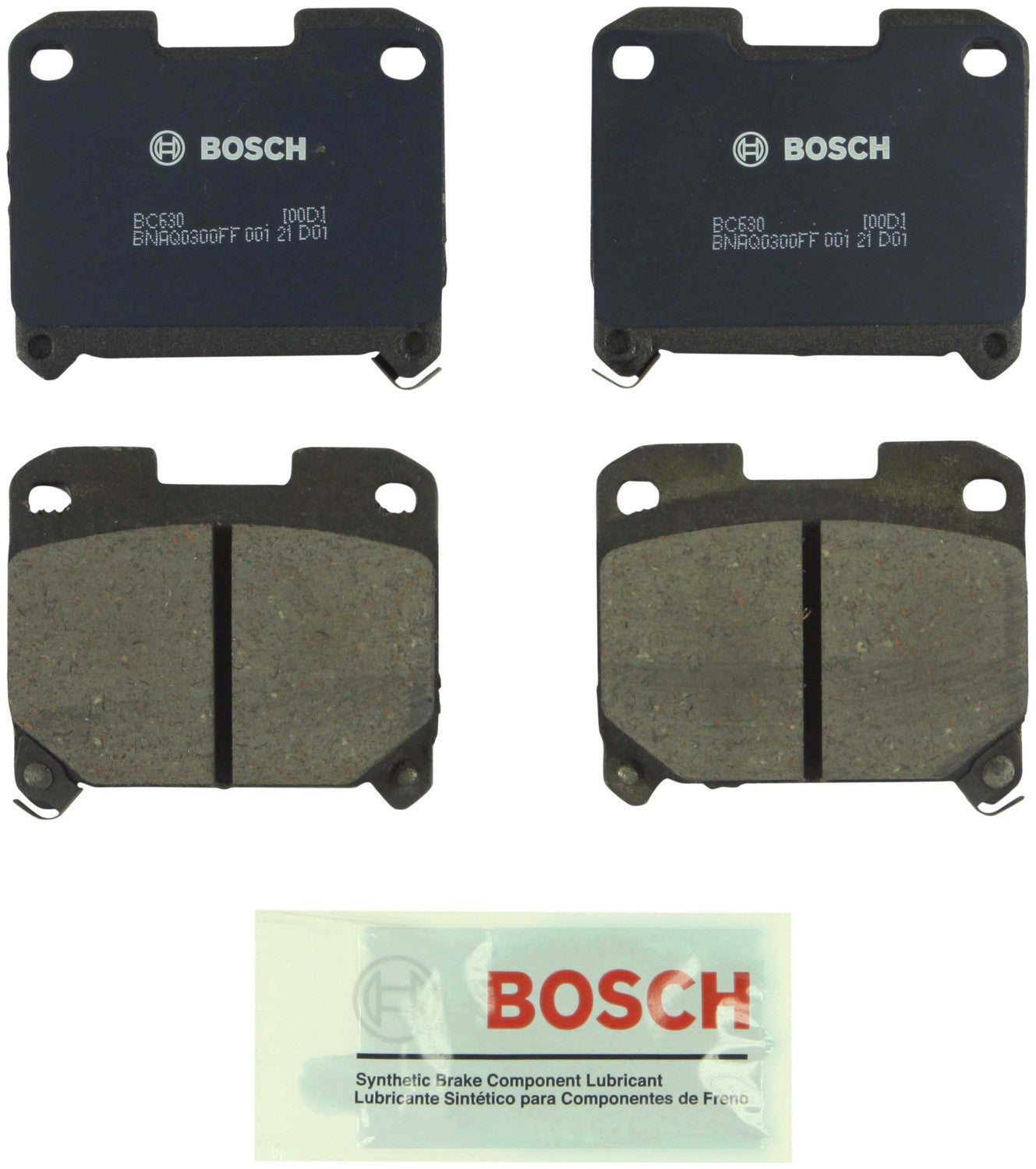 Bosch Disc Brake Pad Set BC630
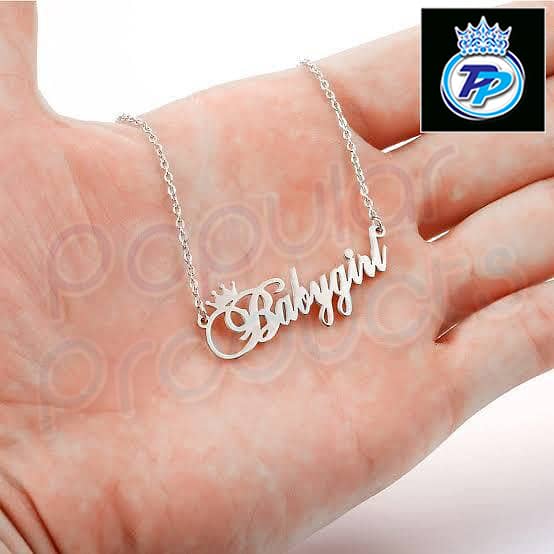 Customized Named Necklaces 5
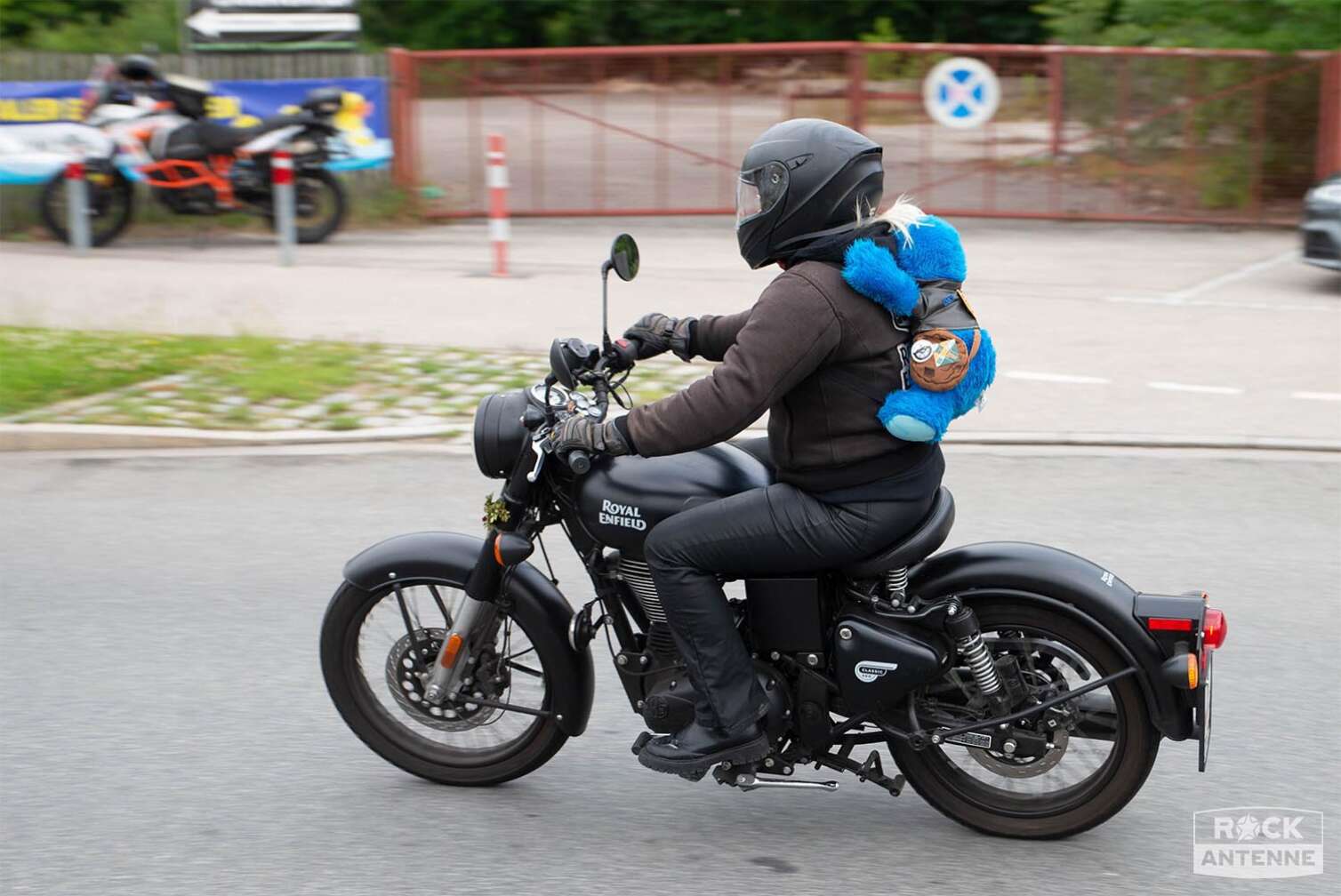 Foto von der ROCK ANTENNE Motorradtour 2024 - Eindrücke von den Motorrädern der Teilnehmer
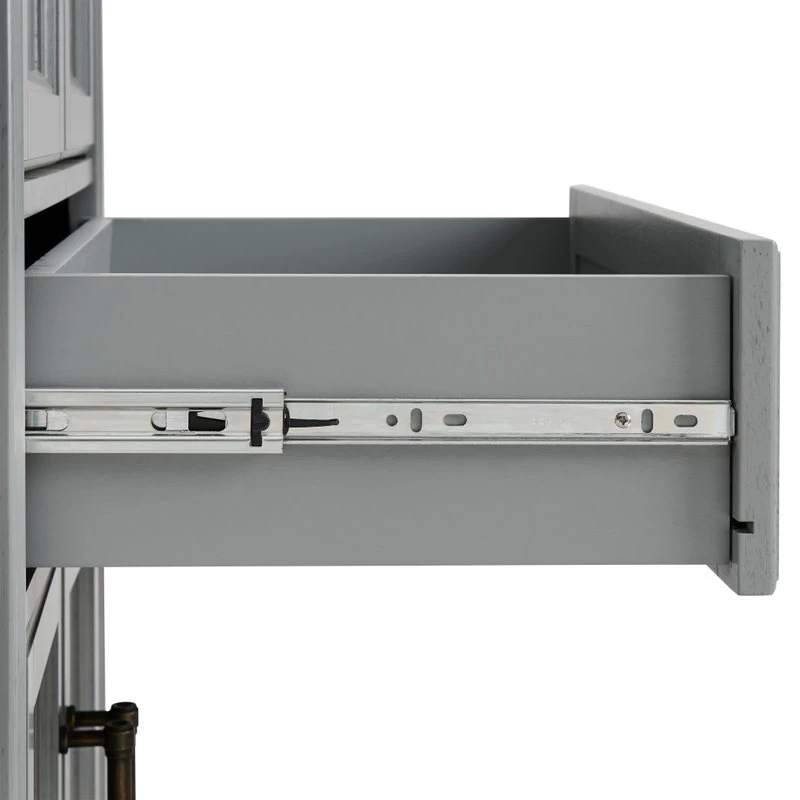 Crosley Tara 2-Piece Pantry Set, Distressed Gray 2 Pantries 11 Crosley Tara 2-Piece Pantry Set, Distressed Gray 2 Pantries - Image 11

**Work order:**
Give the data back exactly, omitting all pictures.

**Written reply:**
 Bosch Disc Brake Pad Set BC630
 Customized Named Necklaces 5
 Foto von der ROCK ANTENNE Motorradtour 2024 - Eindrücke von den Motorrädern der Teilnehmer
 Crosley Tara 2-Piece Pantry Set, Distressed Gray 2 Pantries 11 Crosley Tara 2-Piece Pantry Set, Distressed Gray 2 Pantries - Image 11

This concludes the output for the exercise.